Dataset items:
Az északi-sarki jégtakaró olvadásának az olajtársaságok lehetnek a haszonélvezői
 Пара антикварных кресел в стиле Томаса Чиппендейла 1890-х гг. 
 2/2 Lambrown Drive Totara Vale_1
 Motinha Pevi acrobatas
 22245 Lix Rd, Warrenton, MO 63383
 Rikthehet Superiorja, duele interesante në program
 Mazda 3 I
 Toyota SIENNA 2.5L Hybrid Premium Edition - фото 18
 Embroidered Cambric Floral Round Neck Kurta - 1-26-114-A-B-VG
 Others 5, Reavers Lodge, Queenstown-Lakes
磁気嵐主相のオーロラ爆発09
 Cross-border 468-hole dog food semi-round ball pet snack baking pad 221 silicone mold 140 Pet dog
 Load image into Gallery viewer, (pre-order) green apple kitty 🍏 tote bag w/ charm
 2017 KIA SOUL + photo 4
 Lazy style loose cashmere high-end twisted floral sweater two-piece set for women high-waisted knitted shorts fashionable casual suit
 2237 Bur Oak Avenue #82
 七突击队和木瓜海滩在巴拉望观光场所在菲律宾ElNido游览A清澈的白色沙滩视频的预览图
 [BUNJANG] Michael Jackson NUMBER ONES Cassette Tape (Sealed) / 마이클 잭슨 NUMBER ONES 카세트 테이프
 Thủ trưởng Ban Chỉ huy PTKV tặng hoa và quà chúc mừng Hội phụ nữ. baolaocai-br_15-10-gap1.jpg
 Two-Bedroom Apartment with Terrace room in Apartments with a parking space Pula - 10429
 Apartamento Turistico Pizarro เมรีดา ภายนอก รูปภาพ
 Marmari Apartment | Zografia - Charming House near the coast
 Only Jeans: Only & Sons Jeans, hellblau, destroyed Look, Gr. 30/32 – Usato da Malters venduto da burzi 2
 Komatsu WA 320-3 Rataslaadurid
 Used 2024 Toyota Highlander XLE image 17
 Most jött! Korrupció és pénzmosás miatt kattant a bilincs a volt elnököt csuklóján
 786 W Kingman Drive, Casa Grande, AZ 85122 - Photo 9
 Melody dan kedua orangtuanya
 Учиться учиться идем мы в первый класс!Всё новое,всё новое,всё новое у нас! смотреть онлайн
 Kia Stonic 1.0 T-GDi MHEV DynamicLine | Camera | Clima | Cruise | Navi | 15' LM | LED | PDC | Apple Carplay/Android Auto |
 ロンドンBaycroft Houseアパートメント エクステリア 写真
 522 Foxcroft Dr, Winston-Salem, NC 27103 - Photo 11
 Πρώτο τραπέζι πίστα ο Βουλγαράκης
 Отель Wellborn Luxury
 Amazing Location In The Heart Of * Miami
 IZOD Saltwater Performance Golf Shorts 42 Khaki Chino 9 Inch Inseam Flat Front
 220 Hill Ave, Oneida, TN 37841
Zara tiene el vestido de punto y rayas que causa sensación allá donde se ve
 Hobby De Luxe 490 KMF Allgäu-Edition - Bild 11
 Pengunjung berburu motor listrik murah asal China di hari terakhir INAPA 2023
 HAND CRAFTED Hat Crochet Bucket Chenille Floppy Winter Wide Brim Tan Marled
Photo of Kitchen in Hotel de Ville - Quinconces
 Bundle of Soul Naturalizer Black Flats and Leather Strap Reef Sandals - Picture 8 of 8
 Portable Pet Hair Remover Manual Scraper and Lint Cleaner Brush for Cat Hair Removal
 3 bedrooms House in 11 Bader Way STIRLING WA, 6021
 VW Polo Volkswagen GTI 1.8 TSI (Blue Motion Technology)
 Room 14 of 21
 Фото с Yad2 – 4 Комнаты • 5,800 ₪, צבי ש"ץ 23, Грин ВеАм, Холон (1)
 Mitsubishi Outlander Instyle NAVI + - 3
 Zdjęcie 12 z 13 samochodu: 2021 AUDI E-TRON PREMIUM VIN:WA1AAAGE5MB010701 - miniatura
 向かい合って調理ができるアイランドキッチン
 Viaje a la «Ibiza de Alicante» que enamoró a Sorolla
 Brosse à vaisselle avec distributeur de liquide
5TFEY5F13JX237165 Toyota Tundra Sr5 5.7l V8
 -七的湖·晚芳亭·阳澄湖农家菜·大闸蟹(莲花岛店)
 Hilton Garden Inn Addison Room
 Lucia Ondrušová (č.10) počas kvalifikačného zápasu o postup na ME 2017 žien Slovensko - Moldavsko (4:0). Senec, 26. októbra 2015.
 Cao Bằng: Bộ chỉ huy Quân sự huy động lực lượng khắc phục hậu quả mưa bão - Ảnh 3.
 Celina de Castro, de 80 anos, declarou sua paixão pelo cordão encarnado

ASSIGNED TASK ::
The answer is the lines above between the line holding "Toyota SIENNA 2.5L" and the line holding "七突击队和木瓜海滩在巴拉望观", inclusive, each written out exactly, and no others.

RESULT OF THIS EXERCISE ::
 Toyota SIENNA 2.5L Hybrid Premium Edition - фото 18
 Embroidered Cambric Floral Round Neck Kurta - 1-26-114-A-B-VG
 Others 5, Reavers Lodge, Queenstown-Lakes
磁気嵐主相のオーロラ爆発09
 Cross-border 468-hole dog food semi-round ball pet snack baking pad 221 silicone mold 140 Pet dog
 Load image into Gallery viewer, (pre-order) green apple kitty 🍏 tote bag w/ charm
 2017 KIA SOUL + photo 4
 Lazy style loose cashmere high-end twisted floral sweater two-piece set for women high-waisted knitted shorts fashionable casual suit
 2237 Bur Oak Avenue #82
 七突击队和木瓜海滩在巴拉望观光场所在菲律宾ElNido游览A清澈的白色沙滩视频的预览图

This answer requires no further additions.